Governments should offer re-training programmes and economic support to these particularly disadvantaged due to factors of luck, as well as those whose employment is largely determined by factors of luck, in order to move closer to the luck egalitarian ideal. Interestingly, under desert-based principles with net zero as the socially desirable product, only when input is measured by cost could redistribution maybe be justified. When input is measured by contribution and effort, it may be rightly argued that those who work in fossil fuel industries or unemployed do not actually contribute any effort towards the transition to net zero, nor make any actual contribution, compared to those who work in renewable energy. Only when cost borne by the individual is seen as the measure of input, can it be argued that those who become unemployed have paid for the transition, and therefore should reap the economic benefits of the transition, in this case the employment opportunities it creates.

The IEA has implicitly chosen an egalitarian approach, with structural unemployment as an injustice. It states that “it will be vital to minimise hardships associated with these disruptions” (p.18). It proposes that governments respond to this injustice by “retraining workers, locating new clean energy facilities in heavily affected areas wherever possible, and providing regional aid” (ibid).
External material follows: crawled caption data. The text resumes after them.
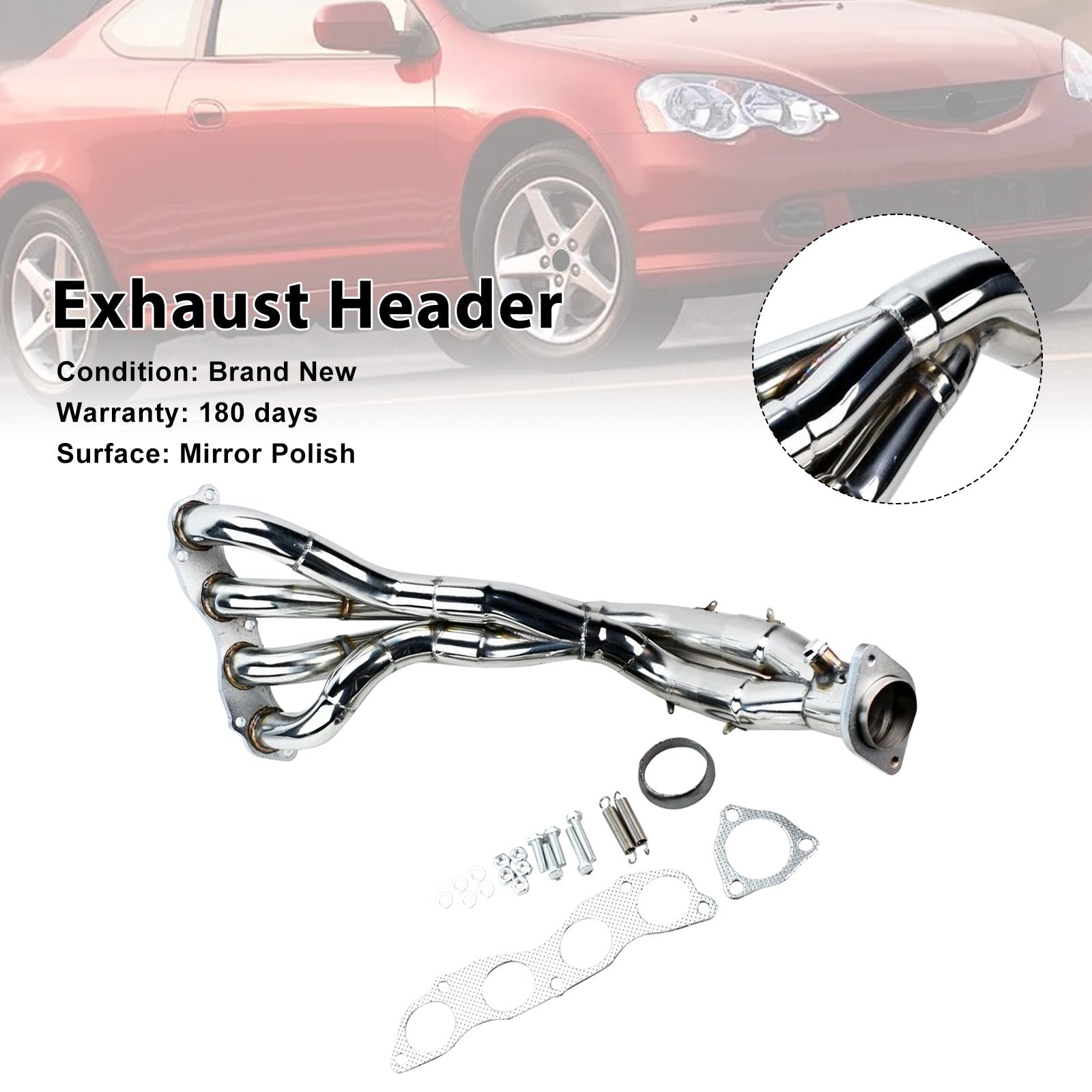 2002-2005 Honda Civic Si/SiR 2.0L DOHC Engines Exhaust Manifold Header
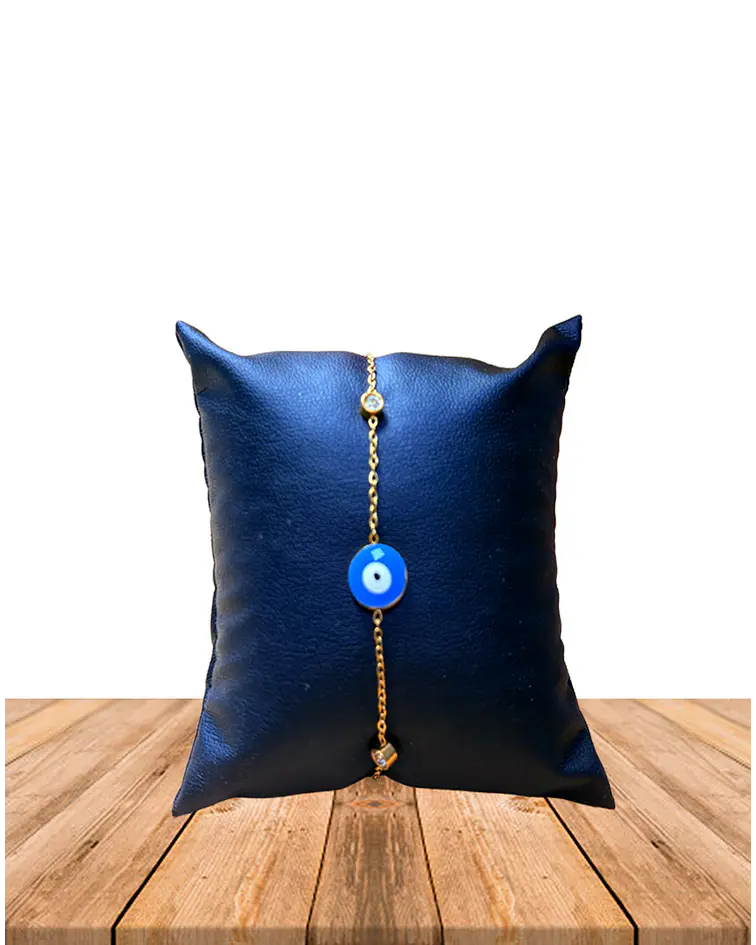 Brazalete / Tobillera de Acero inoxidable Tercer ojo delgado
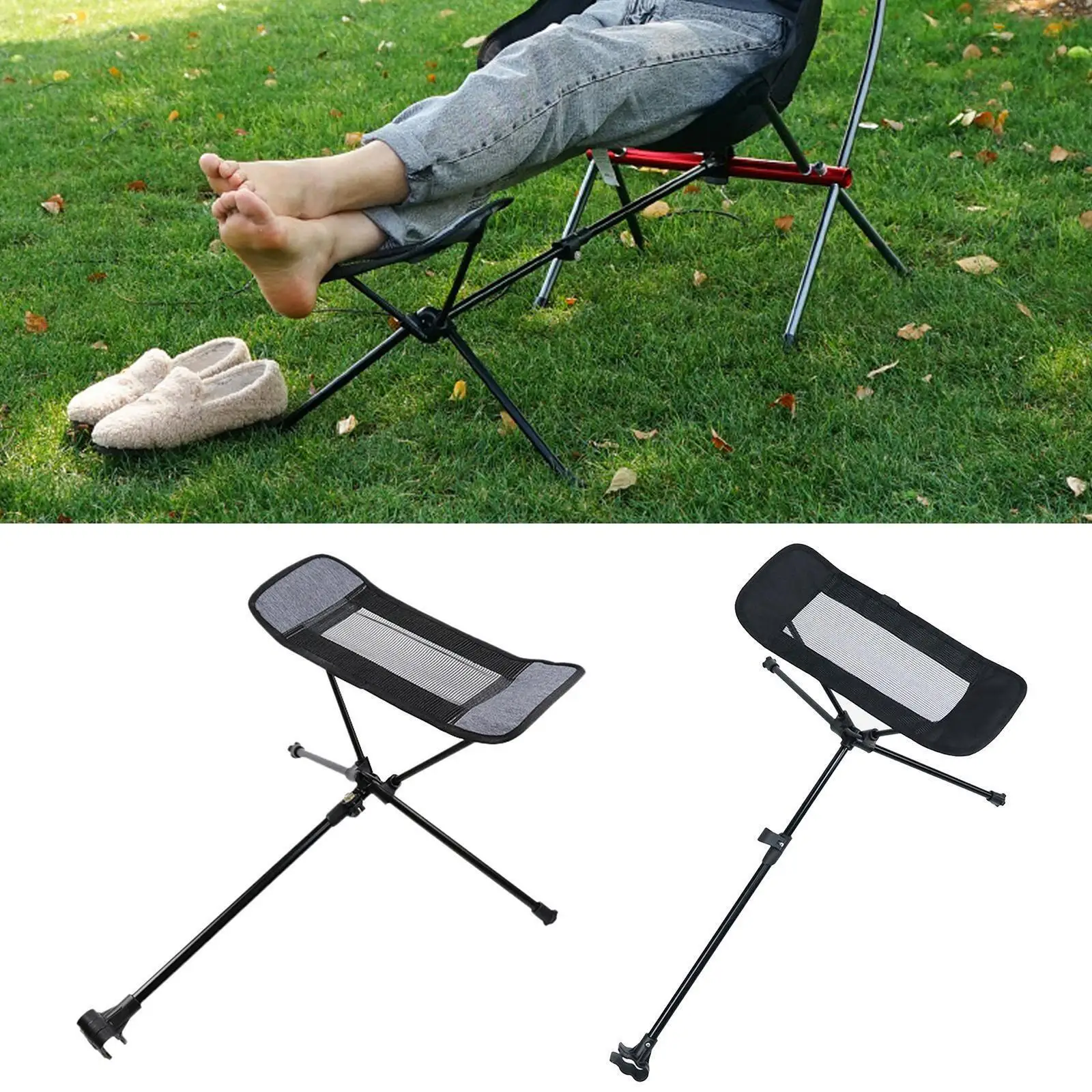 Moon Chair Foot Mop Pedal Portable Folding Stool Camping Chair Outdoor - £31.19 GBP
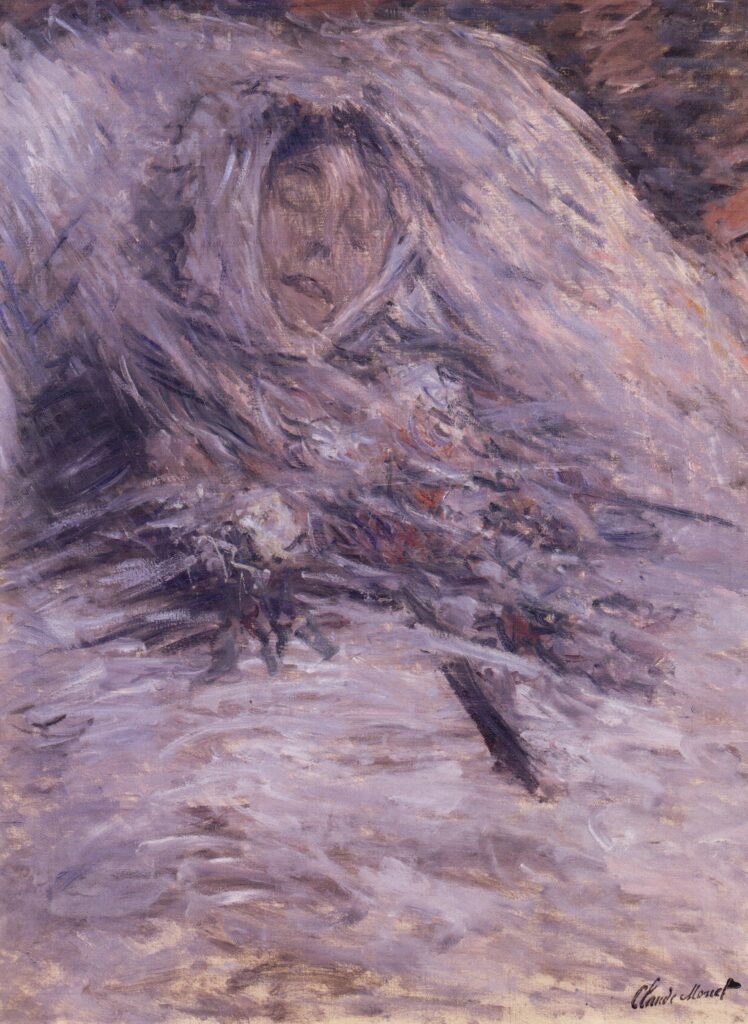 Camille Monet sur son lit de mort – Claude Monet Claude Monet
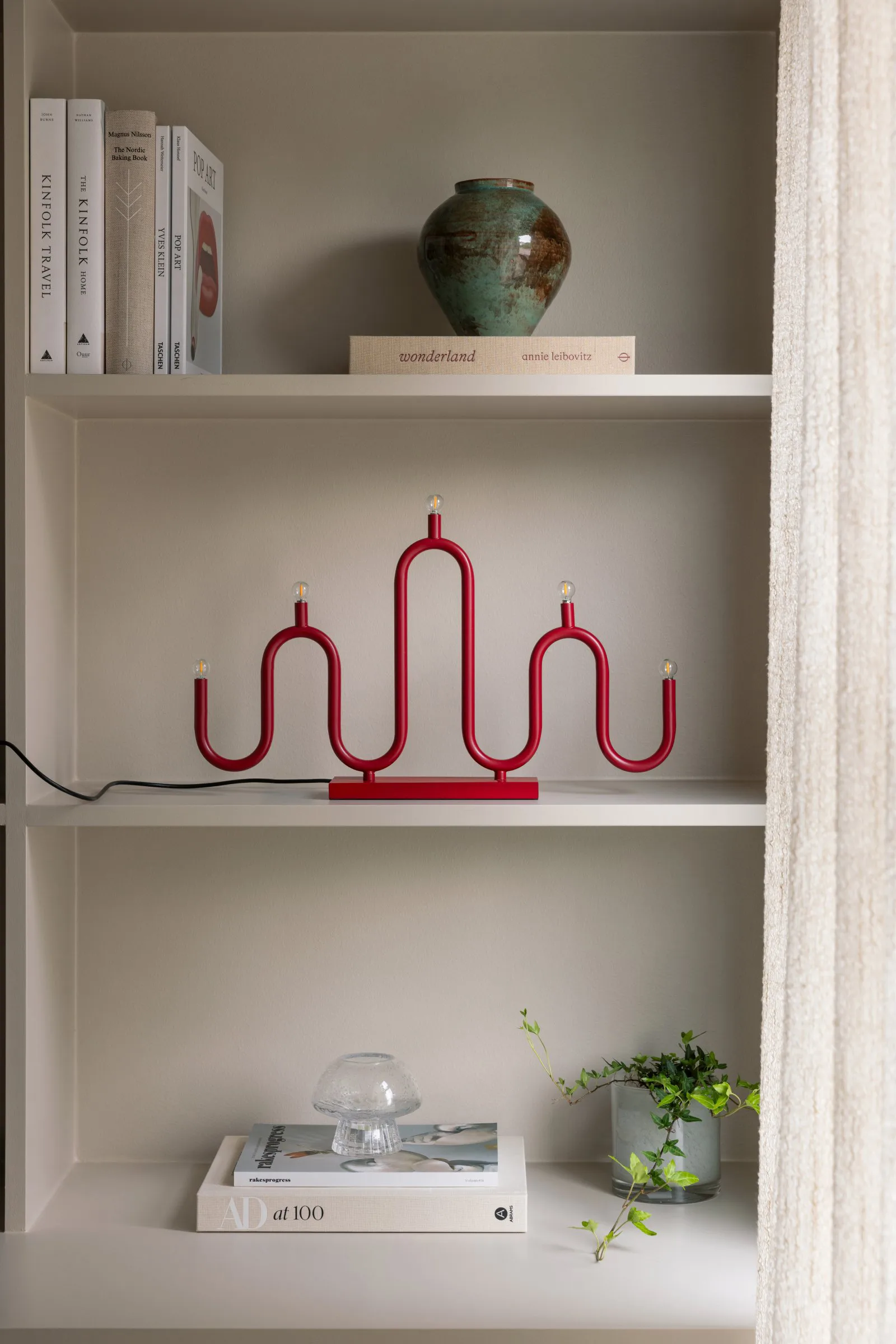 Świecznik adwentowy Noel 5, Czerwony Globen Lighting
All suggestions are in line with our previous analysis. The IEA also suggests governments “adopt more detailed surveying approaches for energy industry employment” as a first step to understand better the impact of the transition on employment (p.158).

Income Groups:

The transition to net zero also impacts different income groups differently. Here we focus on income disparities within countries. 

Some benefits of the transition target low-income households. The initiative to provide universal access to electricity and clean cooking is one such example. The positive externalities of this initiative, namely, improvement in air quality and consequently health, are also felt more by low-income households, who tend to suffer more from indoor pollution due to low quality housing and heating fuels (Gould et al.).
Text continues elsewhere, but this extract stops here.